Sunday, March 1, 2009

skit #59: in prudence

Guided by her notorious grandfather's meticulous notes, Victoria constructed an artificial man in her mountaintop laboratory. She did away with the Tesla coils and the grandeur and the superstitions. She would not fail where he did.

She established a trade rate with a lonely mortician, and exchanged her gender's warm flesh
for his profession's still meat: tight lips, obedient eyes, attentive ears, dimples, strong hands, a reproductive tract, a heart, a token noggin. She accumulated her ingredients from the mortician's garden, piece-by-piece, pound-by-pound.

To see the inner-workings of her man, she reasoned, he must be utterly transparent.
She blanched the tissues of any melanin in a potassium permanganate bath before drying upon several clotheslines. There hung the future of her man, as blank as overexposed photographs, as clean as Sunday's linens. She assembled his diaphanous body with delicate expertise, making no mistakes, transcribing her grandfather's morbid schematics to the unto her invisible patient.

She knew the fate her grandfather met and so dared not allow her Creature to live freely. In prudence, she disengaged the nervous system after every experiment.

Candlelight illuminated the dust which settled on the Creature's skin. The patina implied the visage of a velveteen warthog. She dutifully dabbed rubbing alcohol over his entire body before experimentation, slowly erasing him, in hopes of subduing her disgust under the pretense of minimizing the chance of infection.


During examinations, she arranged a halo of candles around the Creature, whom she perched on a stool.
She injected localized dyes to her area of interest, giving him substance only when and where she deemed necessary. She attached diodes to muscles and watched them seize. She introduced luminous fluids and watched them circulate. She pressed her fingertips into his diaphanous flesh to observe his vitals and viscera displace. She turned off his nerves.

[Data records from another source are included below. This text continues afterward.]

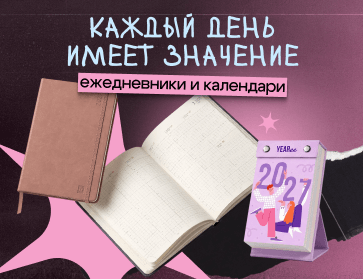 Каждый день имеет значение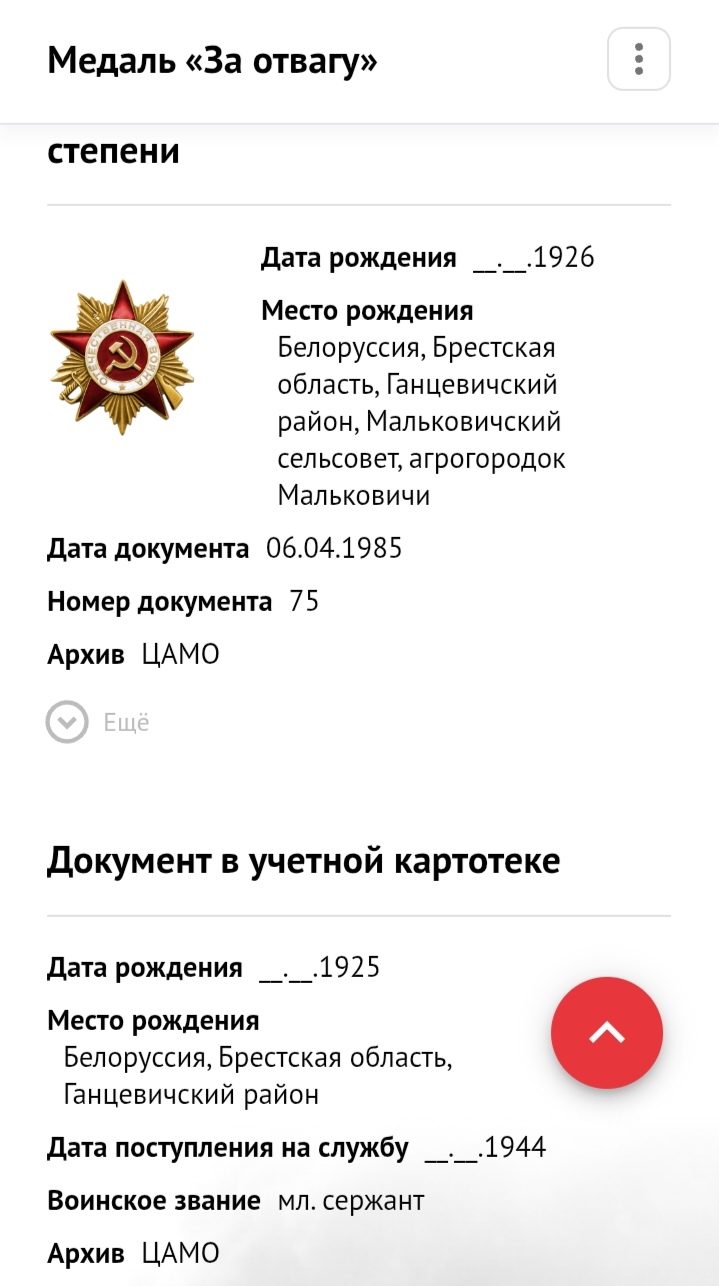 Ротенберг Петр Иванович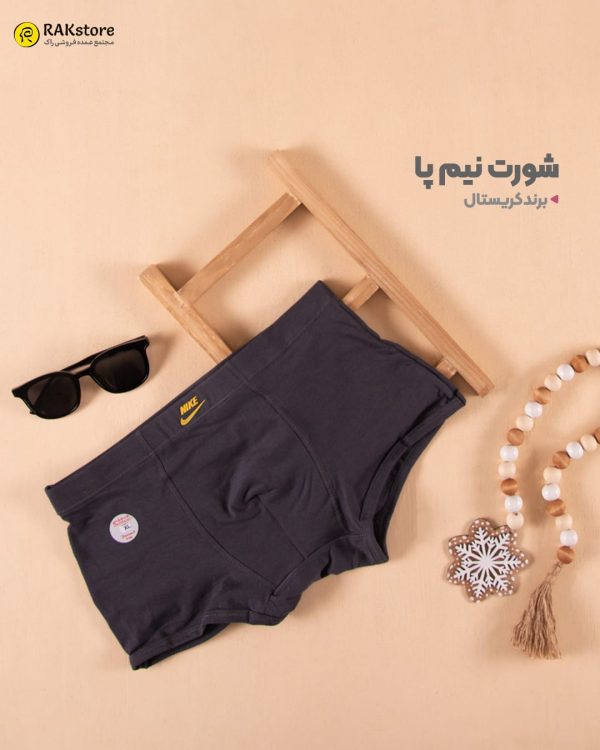 شورت نیم پا مردانه کریستال - Image 1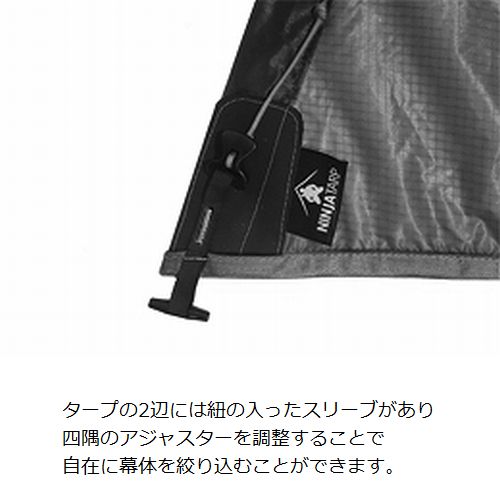 パーゴワークス PaaGO WORKS ニンジャタープ NINJA TARP | GLAGH グラフ
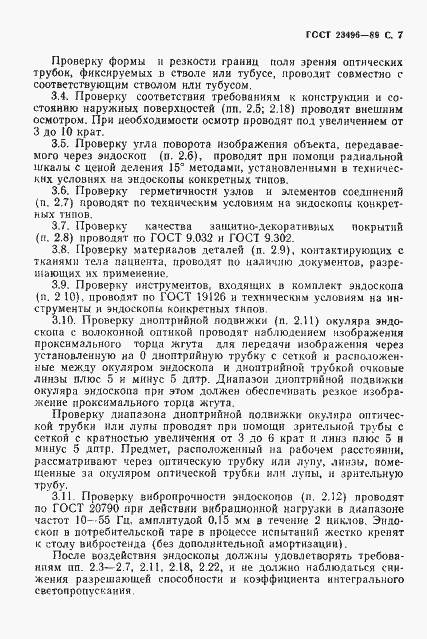 Страница 8 ГОСТ 23496-89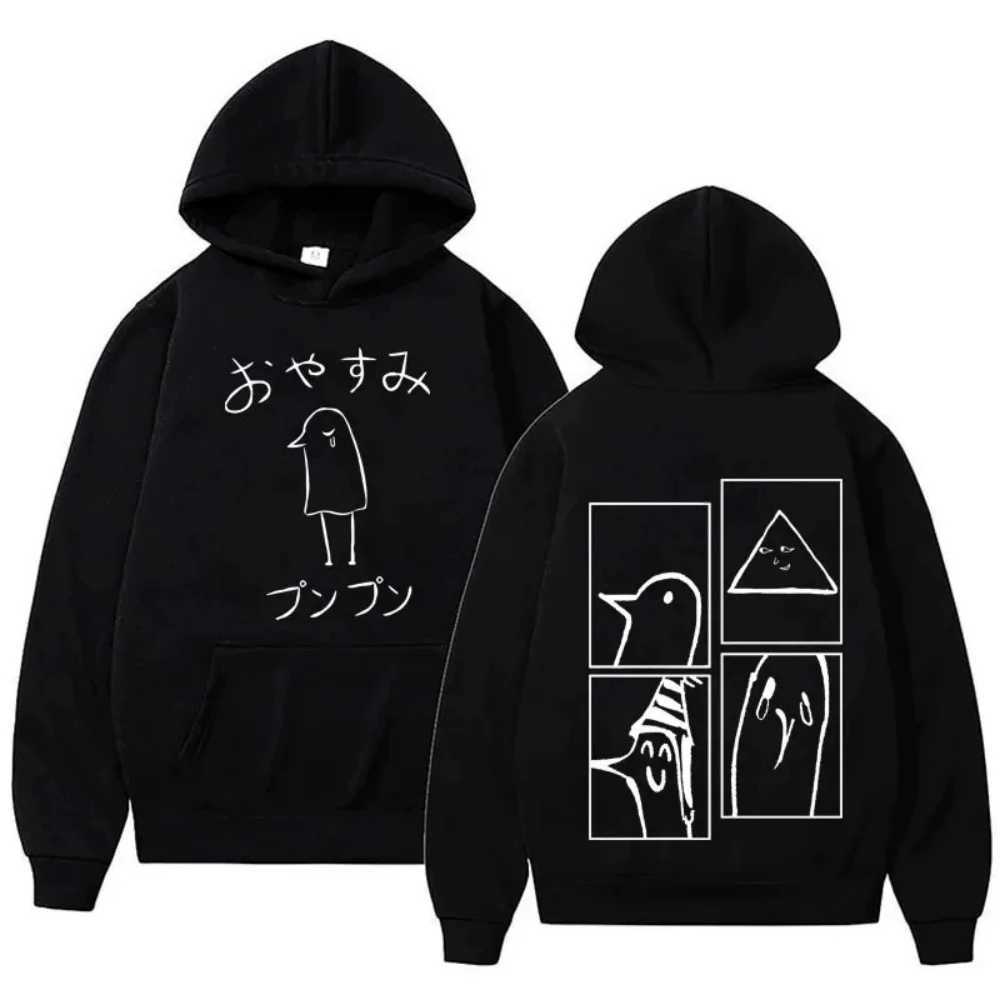Oyasumi Punpun Duck Pattern Cartoon Spring and Autumn Men's Fashion Casual Versatile Hoodie S260918UHZ1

She blew out the candles. The dyes faded, and so did her man. She had scribbled notes of how he behaved under ideal conditions. In old age, when she would review these notes from her youth, she found them to be either illegible or inane.

As a scientist, Victoria differed from her grandfather. Where he was reckless, she was compulsively diligent. She repeated her experiments hundreds of times to ensure he results were sound. Endlessly: she turned him on, his muscles contracted, his fluids pumped, she probed him, she turned him off. Every time he felt his heart beat or his finger twitch, he knew a little more of what it was to live.

She initiated experiment: ninth trial, fifteenth series, umpteenth cycle. She plunged her syringe into his thigh. But the Creature was not there, nor was he anywhere in her lab.